● SUPPLIED DATA

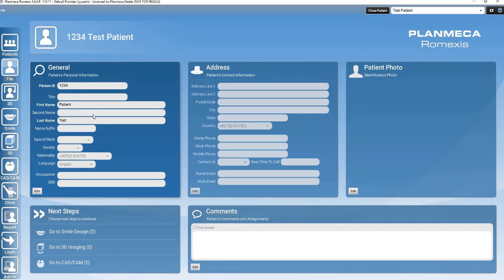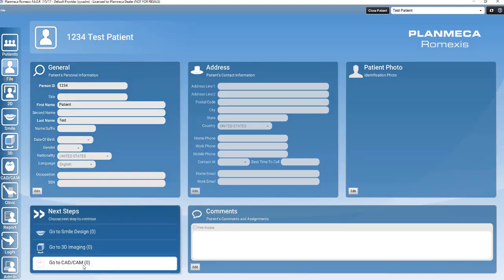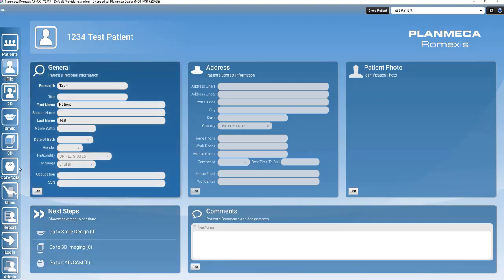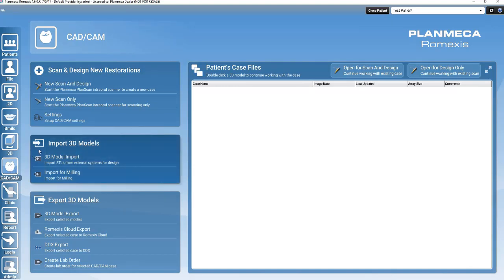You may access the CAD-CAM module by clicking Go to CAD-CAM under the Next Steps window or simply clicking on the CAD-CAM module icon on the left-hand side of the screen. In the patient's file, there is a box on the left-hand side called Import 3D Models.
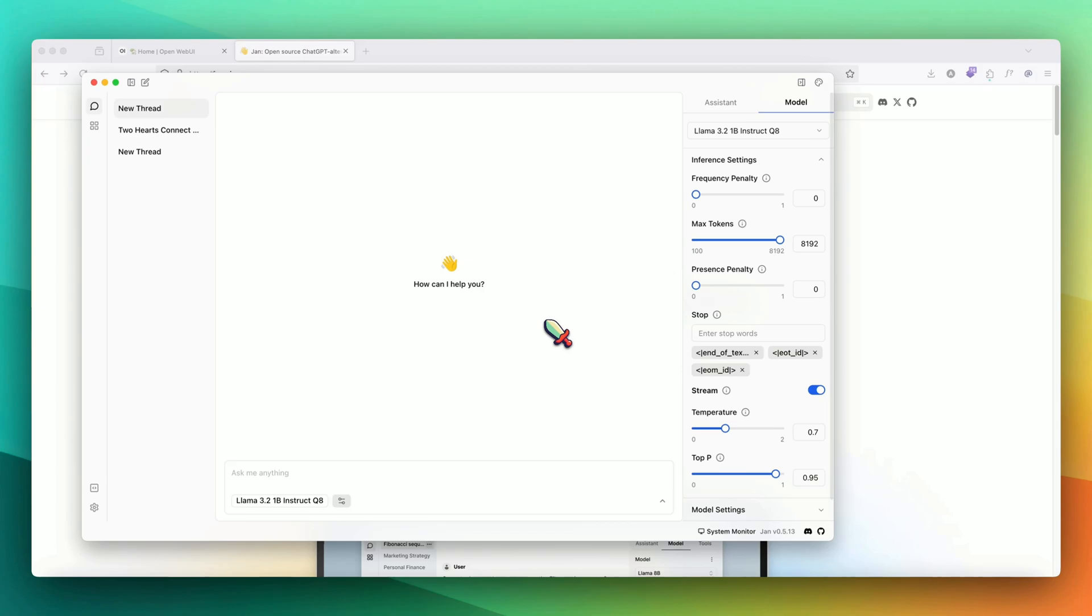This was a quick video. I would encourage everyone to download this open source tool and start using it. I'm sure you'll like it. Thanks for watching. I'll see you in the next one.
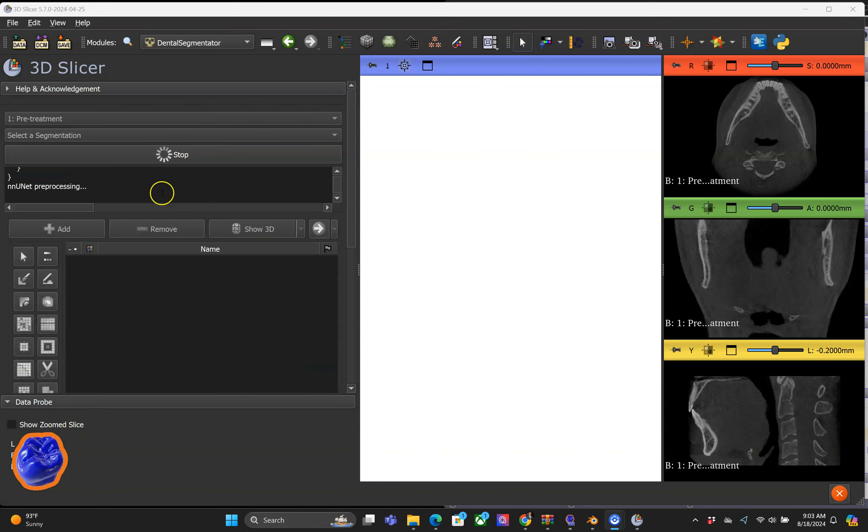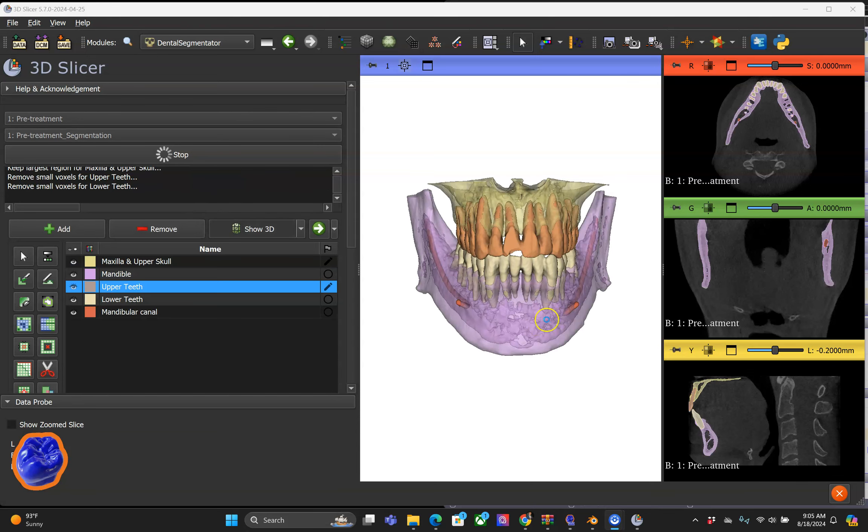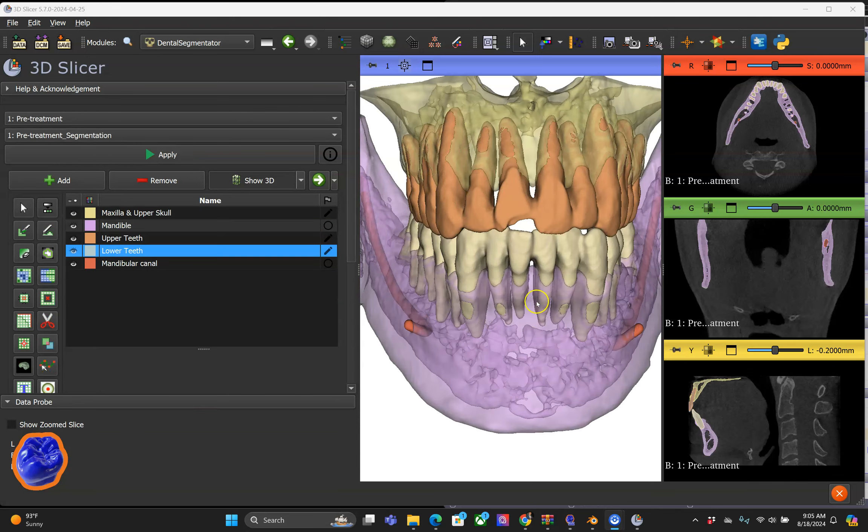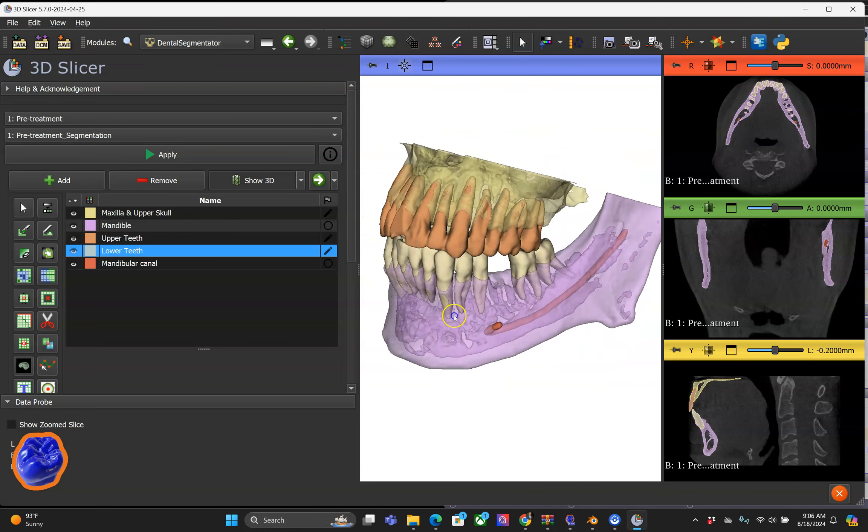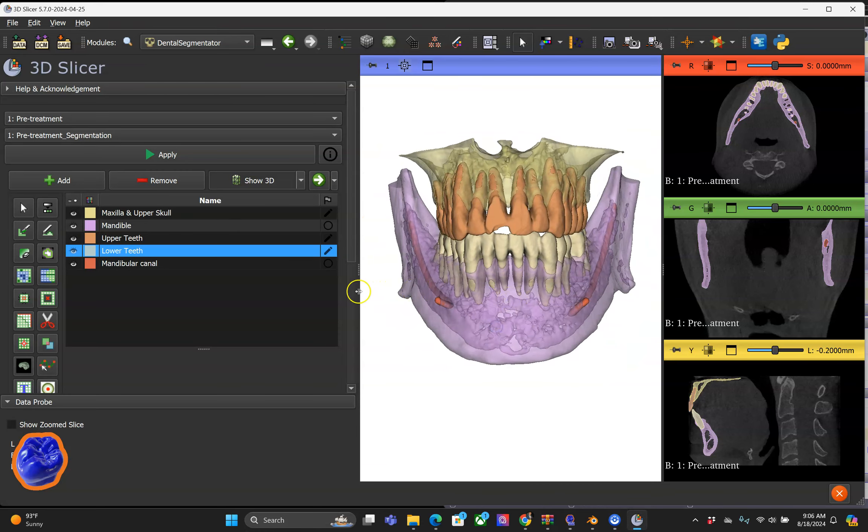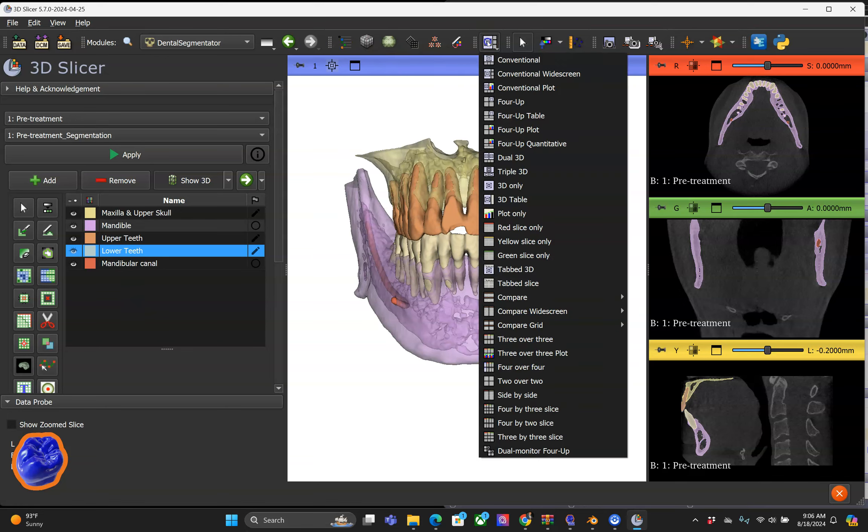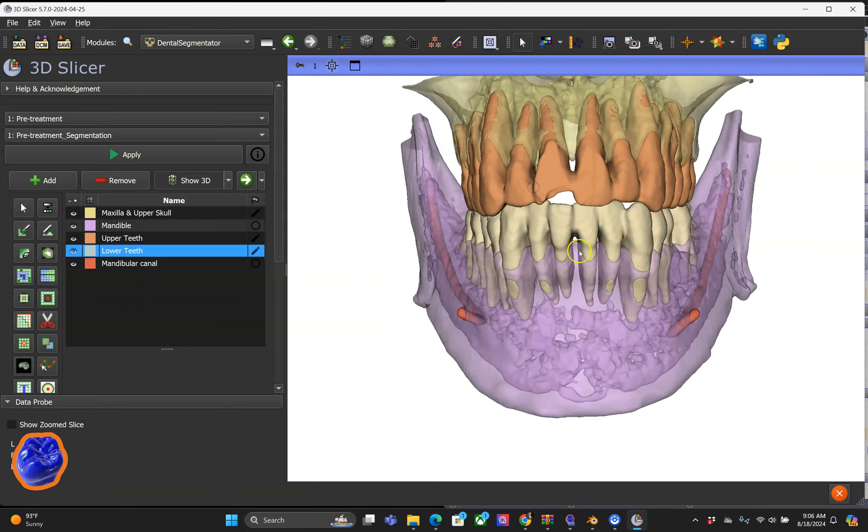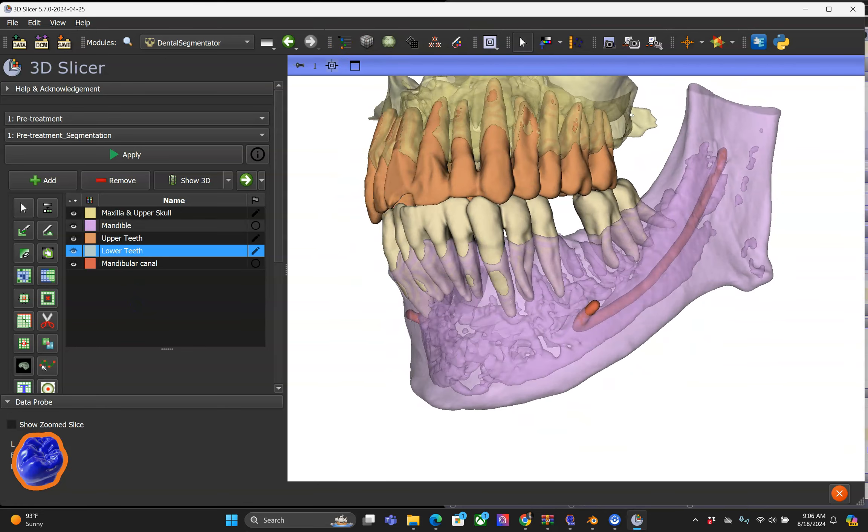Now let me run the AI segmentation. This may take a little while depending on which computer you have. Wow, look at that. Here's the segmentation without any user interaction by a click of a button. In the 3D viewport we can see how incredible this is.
==
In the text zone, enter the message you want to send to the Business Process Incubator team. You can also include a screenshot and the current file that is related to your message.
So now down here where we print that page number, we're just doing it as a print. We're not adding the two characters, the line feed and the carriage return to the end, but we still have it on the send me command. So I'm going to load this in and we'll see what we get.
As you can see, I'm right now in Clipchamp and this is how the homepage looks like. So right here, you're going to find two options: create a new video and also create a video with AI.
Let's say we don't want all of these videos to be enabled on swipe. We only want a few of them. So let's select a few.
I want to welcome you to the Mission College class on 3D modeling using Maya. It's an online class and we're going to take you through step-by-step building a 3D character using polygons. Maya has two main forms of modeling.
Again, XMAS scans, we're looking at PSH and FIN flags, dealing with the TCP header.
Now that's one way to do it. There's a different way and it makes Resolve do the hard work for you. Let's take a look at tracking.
--
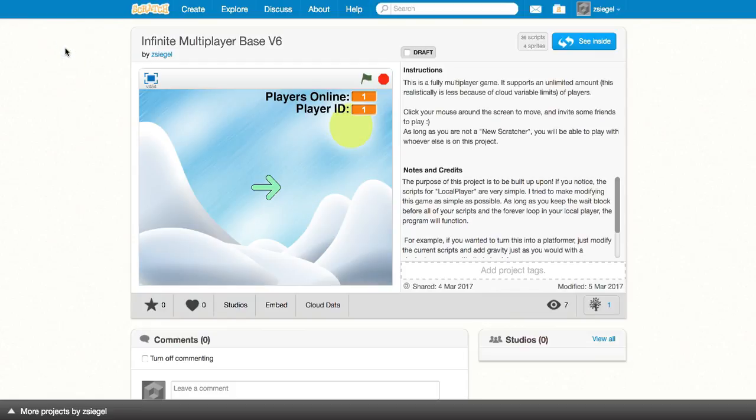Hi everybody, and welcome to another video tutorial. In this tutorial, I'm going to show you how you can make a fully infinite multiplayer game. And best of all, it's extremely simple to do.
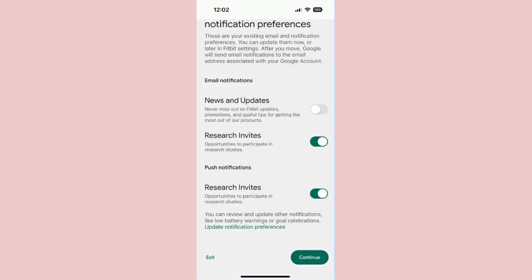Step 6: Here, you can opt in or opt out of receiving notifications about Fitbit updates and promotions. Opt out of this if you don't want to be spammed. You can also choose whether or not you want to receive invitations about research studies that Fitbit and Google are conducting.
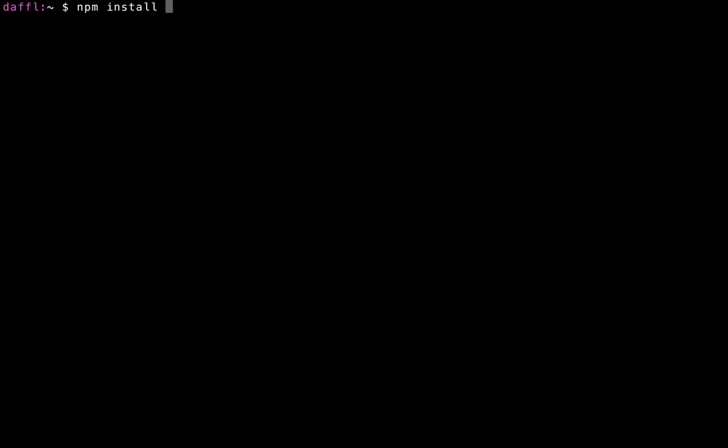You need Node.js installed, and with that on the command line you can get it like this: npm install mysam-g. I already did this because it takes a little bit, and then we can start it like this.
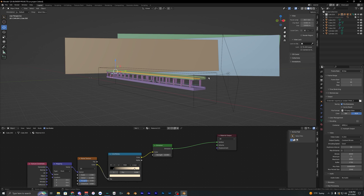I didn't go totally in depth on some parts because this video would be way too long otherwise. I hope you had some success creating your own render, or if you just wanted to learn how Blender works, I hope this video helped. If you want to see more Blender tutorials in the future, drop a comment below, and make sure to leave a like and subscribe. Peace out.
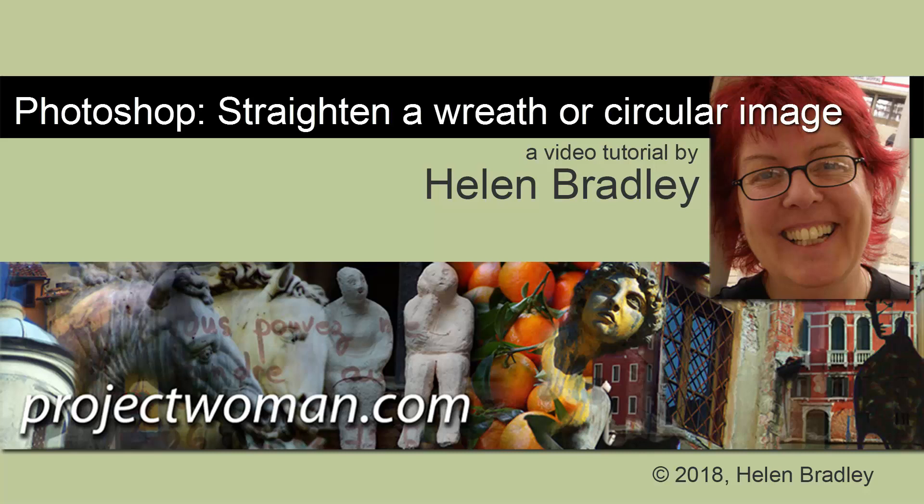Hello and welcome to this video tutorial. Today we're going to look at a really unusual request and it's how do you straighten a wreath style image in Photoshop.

● ACTIVITY
Go through the records above, find each line with the string "send", and copy it.

● EXERCISE OUTPUT
In the text zone, enter the message you want to send to the Business Process Incubator team. You can also include a screenshot and the current file that is related to your message.
So now down here where we print that page number, we're just doing it as a print. We're not adding the two characters, the line feed and the carriage return to the end, but we still have it on the send me command. So I'm going to load this in and we'll see what we get.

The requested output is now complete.